A class for iterating through HTTP/JSON API row list responses.

Parameters
  • client (Optional[google.cloud.bigquery.Client]) – The API client instance. This should always be non-None, except for subclasses that do not use it, namely the _EmptyRowIterator.

  • api_request (Callable[google.cloud._http.JSONConnection.api_request]) – The function to use to make API requests.

  • path (str) – The method path to query for the list of items.

  • schema (Sequence[Union[ SchemaField, Mapping[str, Any] ]]) – The table’s schema. If any item is a mapping, its content must be compatible with from_api_repr().

  • page_token (str) – A token identifying a page in a result set to start fetching results from.

  • max_results (Optional[int]) – The maximum number of results to fetch.

  • page_size (Optional[int]) – The maximum number of rows in each page of results from this request. Non-positive values are ignored. Defaults to a sensible value set by the API.

  • extra_params (Optional[Dict[str, object]]) – Extra query string parameters for the API call.

  • table (Optional[Union[ google.cloud.bigquery.table.Table, google.cloud.bigquery.table.TableReference, ]]) – The table which these rows belong to, or a reference to it. Used to call the BigQuery Storage API to fetch rows.

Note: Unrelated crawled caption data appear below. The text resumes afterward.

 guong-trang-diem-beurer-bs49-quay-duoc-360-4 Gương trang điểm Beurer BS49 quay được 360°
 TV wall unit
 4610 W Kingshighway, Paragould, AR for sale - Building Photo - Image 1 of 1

  • selected_fields (Optional[Sequence[google.cloud.bigquery.schema.SchemaField]]) – A subset of columns to select from this table.

  • total_rows (Optional[int]) – Total number of rows in the table.

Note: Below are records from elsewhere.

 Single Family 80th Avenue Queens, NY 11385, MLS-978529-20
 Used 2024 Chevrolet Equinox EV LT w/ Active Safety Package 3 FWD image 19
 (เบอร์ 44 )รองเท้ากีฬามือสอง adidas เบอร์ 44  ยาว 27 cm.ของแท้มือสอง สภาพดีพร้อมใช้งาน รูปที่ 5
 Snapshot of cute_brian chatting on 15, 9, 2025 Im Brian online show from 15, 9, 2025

  • first_page_response (Optional[dict]) – API response for the first page of results. These are returned when the first page is requested.

__init__(client, api_request, path, schema, page_token=None, max_results=None, page_size=None, extra_params=None, table=None, selected_fields=None, total_rows=None, first_page_response=None, location: Optional[str] = None, job_id: Optional[str] = None, query_id: Optional[str] = None, project: Optional[str] = None, num_dml_affected_rows: Optional[int] = None)[source]

Initialize self. See help(type(self)) for accurate signature.

Methods

__init__(client, api_request, path, schema)

Initialize self.

to_arrow([progress_bar_type, …])

[Beta] Create a class:pyarrow.Table by loading all pages of a table or query.

to_arrow_iterable([bqstorage_client, …])

[Beta] Create an iterable of class:pyarrow.RecordBatch, to process the table as a stream.

to_dataframe([bqstorage_client, dtypes, …])

Create a pandas DataFrame by loading all pages of a query.

to_dataframe_iterable([bqstorage_client, …])

Create an iterable of pandas DataFrames, to process the table as a stream.

to_geodataframe([bqstorage_client, dtypes, …])

Create a GeoPandas GeoDataFrame by loading all pages of a query.

Attributes

job_id

ID of the query job (if applicable).

location

Location where the query executed (if applicable).

num_dml_affected_rows

If this RowIterator is the result of a DML query, the number of rows that were affected.

pages

Iterator of pages in the response.

project

GCP Project ID where these rows are read from.

query_id

[Preview] ID of a completed query.

schema

The subset of columns to be read from the table.

total_rows

The total number of rows in the table or query results.

__iter__()

Iterator for each item returned.

Returns

A generator of items from the API.

Return type

types.GeneratorType[Any]

Raises

ValueError – If the iterator has already been started.

client

The client that created this iterator.

Type

Optional[Any]

item_to_value

Callable to convert an item from the type in the raw API response into the native object. Will be called with the iterator and a single item.

Type

Callable[Iterator, Any]

property job_id: Optional[str]

ID of the query job (if applicable).

To get the job metadata, call job = client.get_job(rows.job_id, location=rows.location).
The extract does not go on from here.